I didn’t anticipate the sheer giddiness that overcame me when we put out to sea in August on our first cruise. I had spent the last four weeks trying to make sure everything was packed just right, passports came through, evening wear was not super wrinkled, that I had enough motion sickness blockers to cover me the whole week, and all the other planning that goes into a cruise the first time. When those giant engines roared to life and the ship put out to sea, I laughed. I laughed for joy.
Hearing the words ‘International Maritime Law’, seeing dolphins and flying fish, and finally, finally sailing out past all that is mankind to only ocean awoke a part of my childhood I had long forgotten. Memories of Peter Pan’s ship, the Voyage of the Dawn Treader, Horatio Hornblower, and the Pirates of the Caribbean, and other books and movies where they sailed the seven seas in search of treasure flooded me as the wind hit my face tasting of salt. I wanted to sing “Yo ho, yo ho, a pirates life for me.” I wanted to sail by the stars in Her Royal British Navy. I wanted to re-live childhood dreams.

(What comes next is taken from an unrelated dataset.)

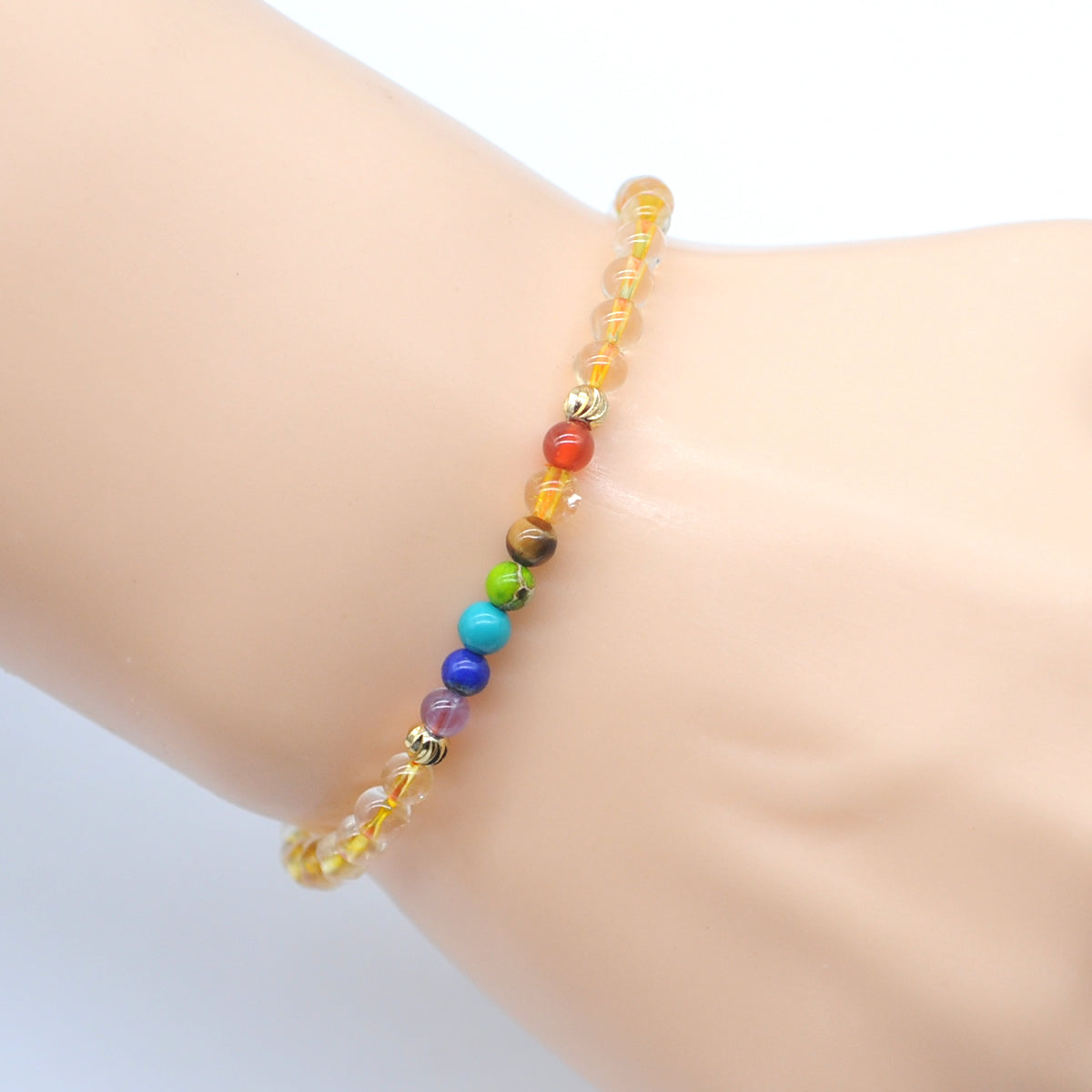 CGB948 Citrine With 7 Chakra Beaded Stretch Bracelet Round 4mm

I only then realized how much time me and my siblings spent reading and watching movies about the days of sailing around the world in clipper ships. I only then realized that while I had always loved the ocean from the shore, I had never loved the ocean on the ocean. It is truly something that grips you and never let’s go.
We’ve all seen pictures of the open ocean, or the moon gleaming on the water, but a picture can’t tell you about the open feeling of only sky and sea. Nothing as far as the eye can see but sky and sea. It can’t tell you about sailing through storms. Nothing. Nothing. Nothing north, east, west, or south. Turn in a circle and only sky and sea. Weight lifts from the shoulders, burdens seem small in the beauty of open ocean. Mixed with this beauty, akin to seeing the Grand Canyon for the first time, is the tiny drop of horror. You look around and nothing. On a cruise ship filled with enough food to feed a small nation the horror of emptiness lies remote, buried. But, a well-read home-schooler remembers tales of ships lost at sea. All that water and not one drop of it safe to drink boggles the mind. The beauty mixed with just a drop of fear draws you to stare out into the empty space. And it’s not just the lack of food and water, it’s the life below the surface.
Dolphins raced through the waves created by our massive ship, flying fish, tiny and almost impossible to see, flew out across the ocean, and sea gulls called in our wake, but you look for the shadows under the waves. Imaginations can run wild when you know an unexplored world lives below what you can see. This is what is captivating about the open ocean. Beauty and fear.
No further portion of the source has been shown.